In order to ensure reproducibility, data has to be exchanged freely so that its quality can be tested and its scientific claims confirmed or rejected. This aspect of research was greatly assisted by the introduction of the printing press in Europe by Gutenberg and, later, by the creation of scientific journals and the peer-review process. It’s obvious that the invention of the World Wide Web some 25 years ago will have a similarly broad impact on research in future. This is the challenge of reproducibility in the digital age.

Here’s an example: in the year 2002, Grigori Perelman solved a mathematical problem and won the highest award in maths. However, he chose a rather unusual way of publishing his proof: instead of giving his manuscript to a leading maths journal, he put his work on the public preprint server arXiv.org. The result was that it gained immediate attention and was checked straightaway. The whole scientific community acknowledged that Perelman had solved this 100-year-old problem. Even if his approach seems surprising at first glance, nevertheless this case presents all the characteristics of the classical scientific process: a known problem is investigated and its solution published so that other experts can check it. The subsequent consensus confirms that the problem has been solved. All that’s unusual here is the missing link in the normal communication process, namely the printed journal, along with the lack of a traditional peer-review process by a few internal experts – though this was replaced by an online review and an open debate on the Internet that was arguably even stricter.

In this sense, the challenge of reproducible science in the digital age is revealed as an opportunity.
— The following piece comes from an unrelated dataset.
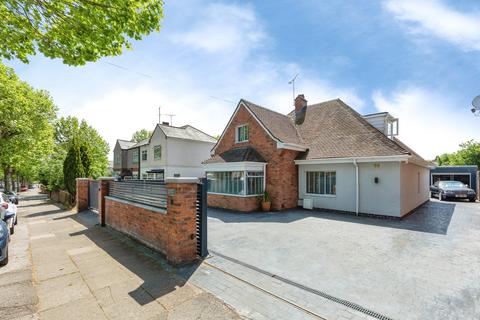 4 bedroom detached house for sale, Lythalls Lane, Holbrooks, Coventry, CV6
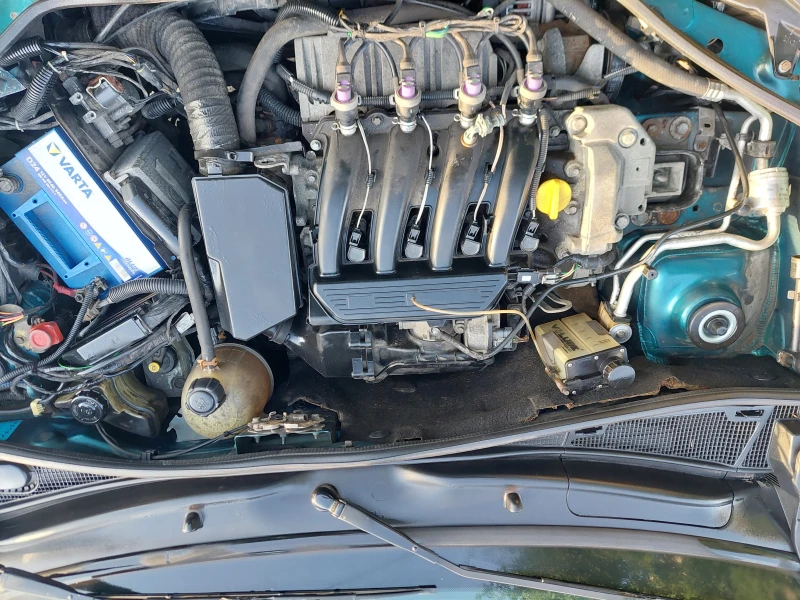 Renault Kangoo 1, 6i--95кс-ГАЗ-БЕНЗИН--ТОП СЪСТОЯНИЕ, снимка 17 - Автомобили и джипове - 51596994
There are already sufficient online platforms for us to drive forward the process of creating, checking and disseminating new knowledge. And I’m convinced that current trends such as open access and open data are only the beginning of a massive shift towards completely digitised, open science. As the Beatles nearly said: “All you need is sharing!”

Martin Vetterli is President of the National Research Council and a computer scientist at EPFL.